• 2018/07/14

    <だめよ、デイビッド!> ほんとは叱りたくない 日本暮らしに戸惑う息子


    「絵本はママを育ててくれる」#5
    札幌で朗読活動を行う谷岡碧さんが、在京テレビ局記者を辞めて移住したタイでの子育てと、日々を支えた絵本についてつづります。


     息子が3歳になったころ、生活の拠点をタイのチェンマイから札幌へ移しました。同時に急増したのが、私の発する「だめよ!!」です。

     例えばこんなふう。

     大好きな泥遊びの後、タイでは服の上から水を浴びて終わりだったのに、日本に来たとたん「そのまま家に入っちゃだめ!」。家の中も庭も裸足(はだし)で走り回っていたのが、今は「靴はちゃんとはいて! 脱いだらそろえなさい!」

     必死にしかる私への戸惑いや反発が限界に達したのか、その日の息子は朝からご機嫌斜め。騒ぐわ、汚すわ、言うことは聞かないわで、こちらも「だめ」のオンパレード。息子の混乱も分かるだけに、心底疲れ果てました。

     こんな時は「だめよ、デイビッド!」に助けてもらおう。裸で外へ出て行っちゃう、フライパンをお玉でたたきまくる、おもちゃは散らかしっぱなし。実に楽しそうな表情を見ているうち、スーッと肩の力が抜けていきます。

     「デイビッドとあなたは一緒だね。だめだめ言っちゃうお母さんもおんなじ」と笑ったら、息子の心もほぐれていくのが分かりました。

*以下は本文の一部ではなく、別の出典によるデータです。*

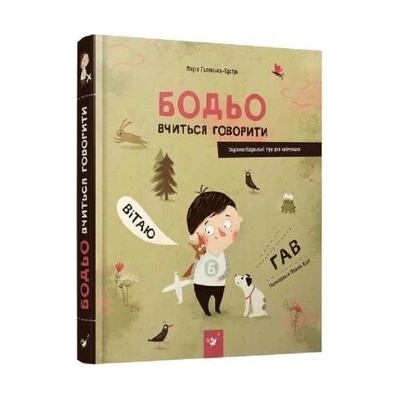 Bodo vchytsia hovoryty - Marta Galewska-Kustra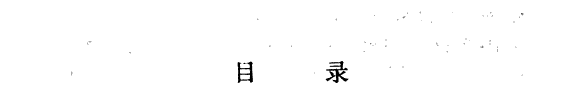 鲁迅与绍兴历代名贤 封面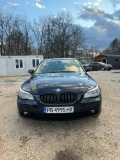 BMW 530 - 5300 € / 10365.90 лв. - 41171419 2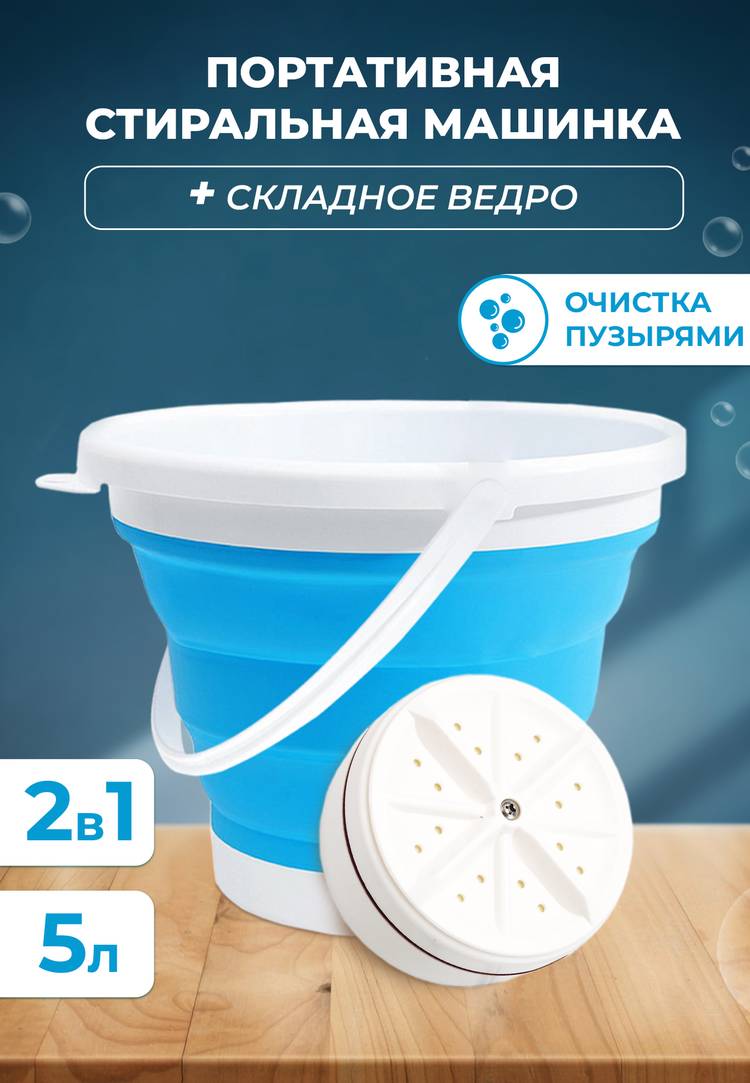 Складная стиральная машинка Мини Автомат шир.  750, рис. 1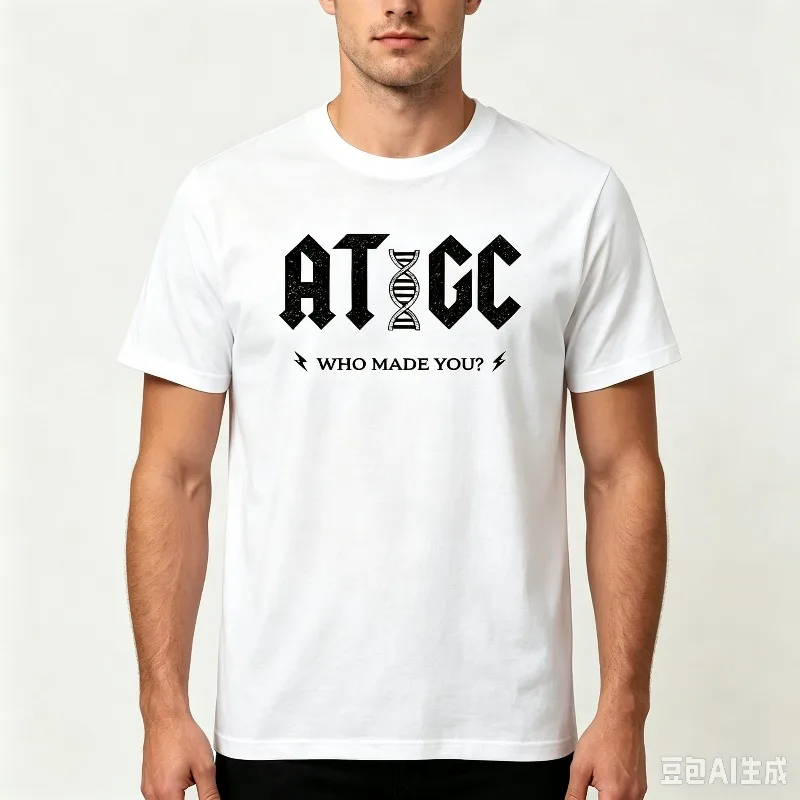ATGC DNA Science Graphic Tee 100% Cotton Funny Biology Teacher Gift Casual School Streetwear Short Sleeve Men Summer Tops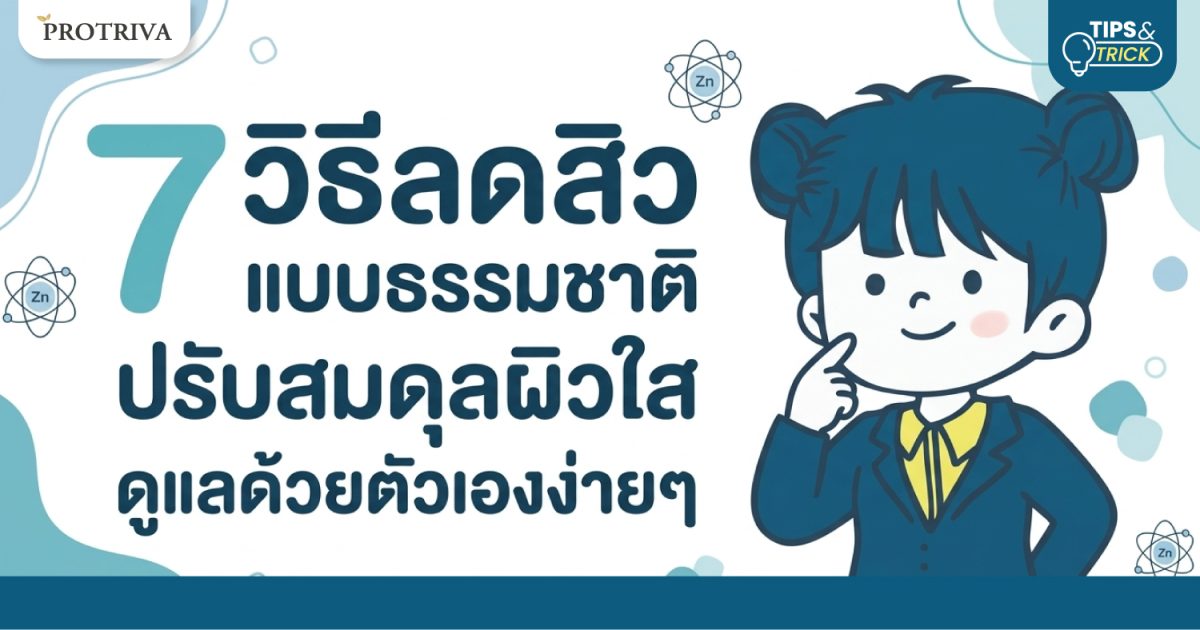 7 วิธีลดสิว แบบธรรมชาติ ปรับสมดุลผิวใส ดูแลด้วยตัวเองง่ายๆ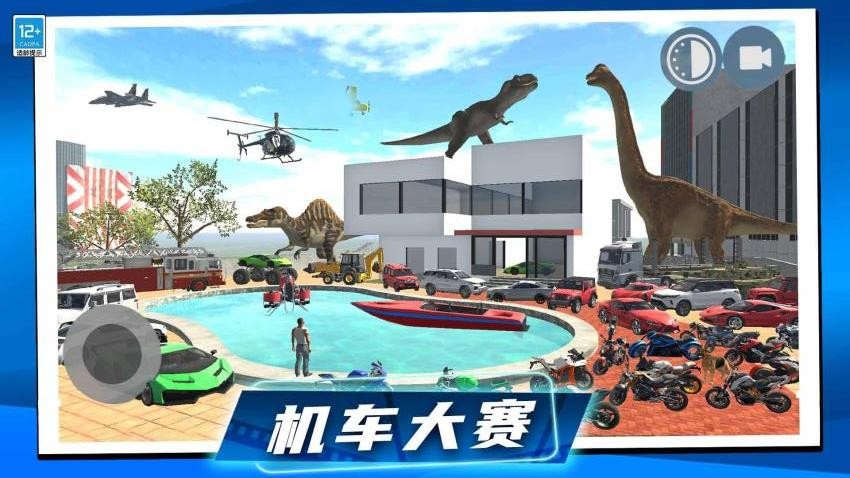 极速飞驰摩托手游v1.0.1(1)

最後は「大好きよ」と息子を抱きしめさせてくれたこの絵本、仲直りの特効薬です。

    今回登場した絵本


    「だめよ、デイビッド!」
    (デイビッド・シャノン作、小川仁央訳 評論社)

    裏表紙いっぱいに「No」の文字、扉には仁王立ちのママを描いた親目線の作品。育児のプレッシャーに悩む私たちも、実は“ダメ出し”される立場。無条件に「Yes!」を伝えてくれる子どもへのいとおしさが湧いてきます。

    (2018年7月14日付 北海道新聞「週刊じぶん」掲載)

     PROFILE

    谷岡 碧(たにおか・みどり)
    2007年にテレビ東京へ入社、記者として秋葉原連続殺傷事件や東日本大震災の被災地を取材。12年に退社、チェンマイへ移住しNGOスタッフとして勤務。その後退職し17年に札幌へ帰郷、幼なじみのピアニストとユニット「enets」(エネッツ)を立ち上げ、絵本の読み聞かせとピアノ演奏によるコンサートを続けている。長男(4)と18年4月生まれの長女を育てる母として奮闘中。札幌市出身。33歳。